A policy of ‘restraint’

Israel’s separation barrier stands on land belonging to the Palestinian village of Bil’in; the wall was built surrounding the Israeli settlement of Modi’in Illit (seen in the background). In a protracted court battle, Bil’in managed to win back some of its land but landowners are still cut off from a significant portion which has been appropriated by the Jewish settlement - both to build on and as a “security zone.” (Anne Paq/Activestills.org)
Israel’s separation barrier stands on land belonging to the Palestinian village of Bil’in; the wall was built surrounding the Israeli settlement of Modi’in Illit (seen in the background). In a protracted court battle, Bil’in managed to win back some of its land but landowners are still cut off from a significant portion which has been appropriated by the Jewish settlement – both to build on and as a “security zone.” (Anne Paq/Activestills.org)

Abrams, who is considered to be close to the thinking of Israel’s right-wing corridors of power, praises Prime Minister Netanyahu for “notably maintain[ing] his policy on constraining settlement construction beyond the fence line.”

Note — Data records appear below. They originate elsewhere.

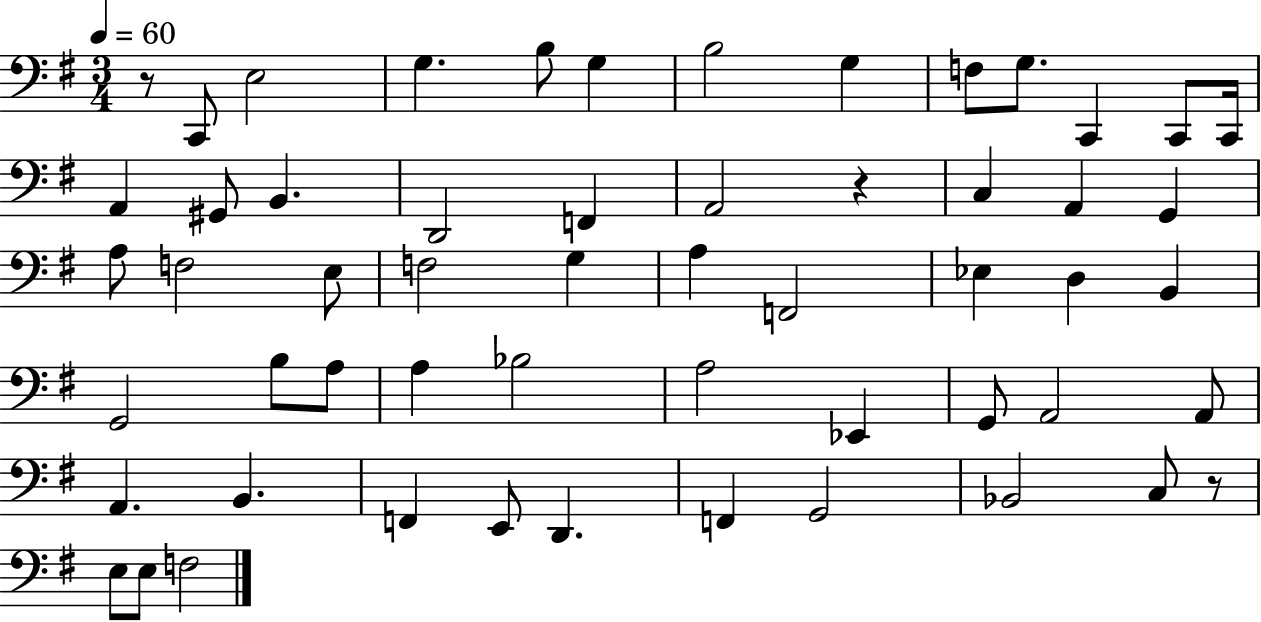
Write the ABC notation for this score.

X:1
T:Untitled
M:3/4
L:1/4
K:G
z/2 C,,/2 E,2 G, B,/2 G, B,2 G, F,/2 G,/2 C,, C,,/2 C,,/4 A,, ^G,,/2 B,, D,,2 F,, A,,2 z C, A,, G,, A,/2 F,2 E,/2 F,2 G, A, F,,2 _E, D, B,, G,,2 B,/2 A,/2 A, _B,2 A,2 _E,, G,,/2 A,,2 A,,/2 A,, B,, F,, E,,/2 D,, F,, G,,2 _B,,2 C,/2 z/2 E,/2 E,/2 F,2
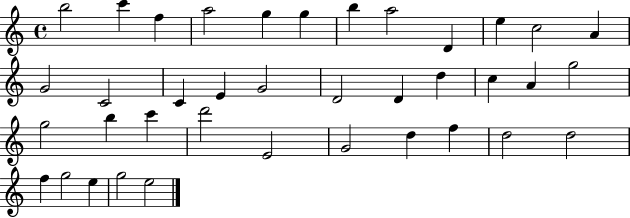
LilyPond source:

{
  \clef treble
  \time 4/4
  \defaultTimeSignature
  \key c \major
  b''2 c'''4 f''4 | a''2 g''4 g''4 | b''4 a''2 d'4 | e''4 c''2 a'4 | \break g'2 c'2 | c'4 e'4 g'2 | d'2 d'4 d''4 | c''4 a'4 g''2 | \break g''2 b''4 c'''4 | d'''2 e'2 | g'2 d''4 f''4 | d''2 d''2 | \break f''4 g''2 e''4 | g''2 e''2 | \bar "|."
}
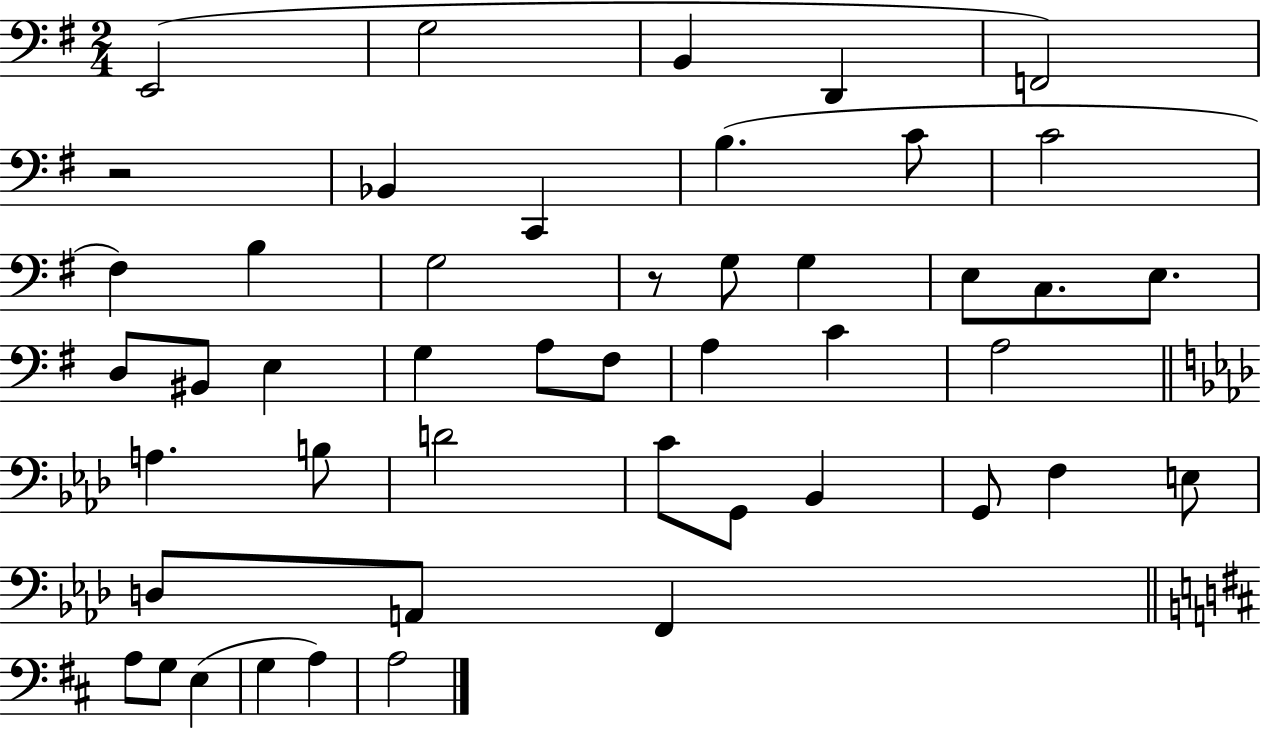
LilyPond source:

{
  \clef bass
  \numericTimeSignature
  \time 2/4
  \key g \major
  e,2( | g2 | b,4 d,4 | f,2) | \break r2 | bes,4 c,4 | b4.( c'8 | c'2 | \break fis4) b4 | g2 | r8 g8 g4 | e8 c8. e8. | \break d8 bis,8 e4 | g4 a8 fis8 | a4 c'4 | a2 | \break \bar "||" \break \key aes \major a4. b8 | d'2 | c'8 g,8 bes,4 | g,8 f4 e8 | \break d8 a,8 f,4 | \bar "||" \break \key d \major a8 g8 e4( | g4 a4) | a2 | \bar "|."
}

Such a policy would, indeed, be notable if the fence line were a negotiated border. If that were the case, one could argue that the prime minister wasn’t encroaching on land earmarked for a Palestinian state.

The problem with such thinking is two-fold. Firstly, as mentioned earlier, no land has been earmarked for a Palestinian state because the process that might result in such a state’s creation has failed time and again.

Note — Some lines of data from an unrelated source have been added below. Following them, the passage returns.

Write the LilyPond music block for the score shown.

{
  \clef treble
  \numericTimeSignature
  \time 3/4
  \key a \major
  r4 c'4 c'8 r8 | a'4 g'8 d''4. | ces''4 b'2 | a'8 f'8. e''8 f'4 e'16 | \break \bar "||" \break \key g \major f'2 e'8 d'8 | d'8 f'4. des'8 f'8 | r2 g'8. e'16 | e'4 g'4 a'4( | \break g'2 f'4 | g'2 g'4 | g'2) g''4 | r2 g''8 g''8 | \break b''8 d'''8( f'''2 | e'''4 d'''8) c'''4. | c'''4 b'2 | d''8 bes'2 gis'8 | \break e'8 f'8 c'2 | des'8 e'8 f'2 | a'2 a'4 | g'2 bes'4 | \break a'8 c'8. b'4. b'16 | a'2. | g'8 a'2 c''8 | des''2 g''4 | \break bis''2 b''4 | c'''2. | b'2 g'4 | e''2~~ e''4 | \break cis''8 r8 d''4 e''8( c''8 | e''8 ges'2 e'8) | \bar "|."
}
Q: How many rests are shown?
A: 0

Furthermore, in peace talks Netanyahu has refused to present any map that denotes his hopes and plans for negotiated borders. He has also consistently refused to treat agreements reached in previous rounds of negotiations as points of reference, or starting points, in any peace talks in which his government engages. In other words, according to Netanyahu, there is no land destined for a future Palestinian state — only land earmarked for future annexation by Israel.

Read also: Figures show peace talks, settlement construction go hand in hand

Secondly, when former prime minister Ariel Sharon began construction of the fence and making plans for its route public, he went to great lengths to reassure the international community that it was not a land grab. In a 2004 letter to U.S. President George W. Bush, Sharon wrote: “The fence is a security rather than political barrier, temporary rather than permanent, and therefore will not prejudice any final status issues including final borders.”

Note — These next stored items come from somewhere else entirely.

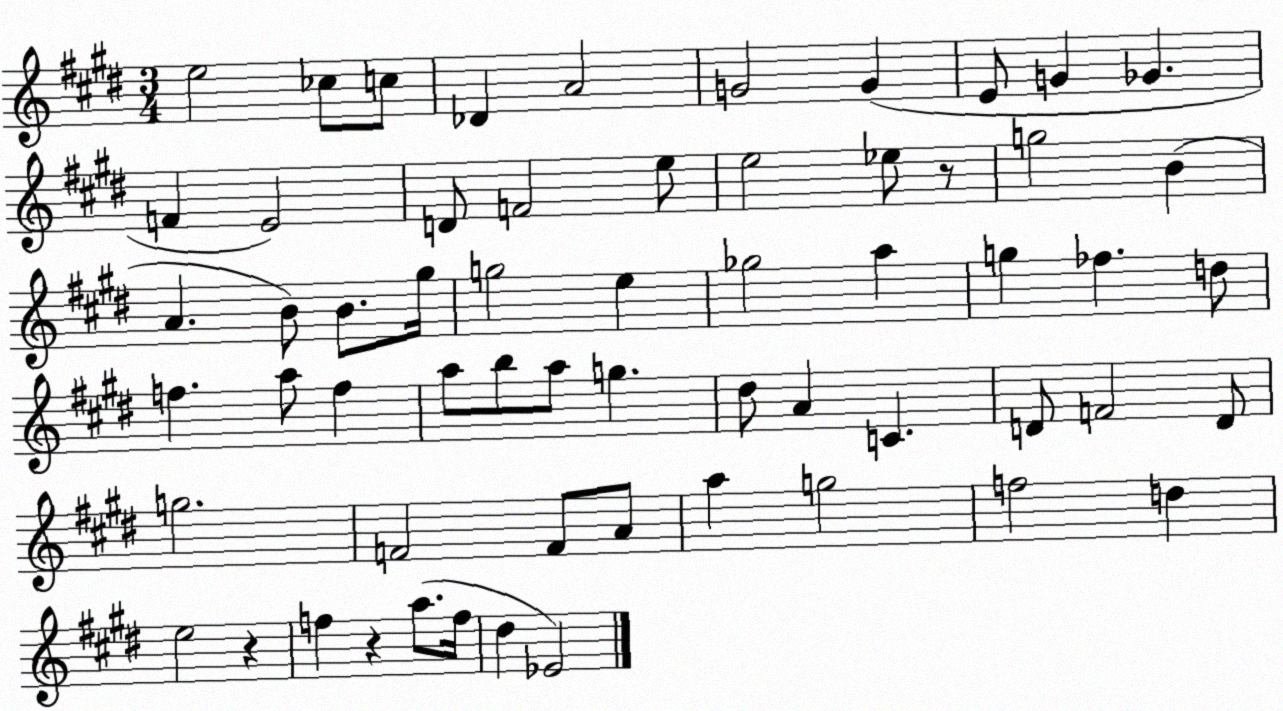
X:1
T:Untitled
M:3/4
L:1/4
K:E
e2 _c/2 c/2 _D A2 G2 G E/2 G _G F E2 D/2 F2 e/2 e2 _e/2 z/2 g2 B A B/2 B/2 ^g/4 g2 e _g2 a g _f d/2 f a/2 f a/2 b/2 a/2 g ^d/2 A C D/2 F2 D/2 g2 F2 F/2 A/2 a g2 f2 d e2 z f z a/2 f/4 ^d _E2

Israel has indeed argued ever since that the barrier’s route is temporary — when such arguments are expedient. Other times, and more frequently in recent years, Israeli officials have been more blunt about the barrier’s consequences, if not the intentions behind its construction.

In 2010, then minister Dan Meridor stated clearly that in an — acceptable to Israel — two-state resolution, “the new border has to be based on the principle of the security fence route and the settlement blocs. That is what we have to aspire to.”

‘A state of scattered territories will not work’

The Israeli separation barrier snakes through the West Bank. (Photo by Anne Paq/Activestills.org)
The Israeli separation barrier snakes through the West Bank. (Photo by Anne Paq/Activestills.org)

The settlement blocs and the fence that snakes around them, if retained according to Israeli aspirations, would chop the West Bank into pieces. President Bush, whose Road Map for Peace Elliott Abrams worked on (or some would argue, against), made very clear that “changes to the 1949 armistice lines must be mutually agreed to. A viable two-state solution must ensure contiguity of the West Bank, and a state of scattered territories will not work.”

One of the most consistent Palestinian complaints about Israel’s settlement policy is that it is attempting to create a network of bantustans that would leave the prospect of an independent and sovereign Palestinian state unviable. Without contiguity, the best Palestinians can aspire to is a series of semi-autonomous pockets eerily similar to today’s reality — and no Palestinian leader will ever agree to that.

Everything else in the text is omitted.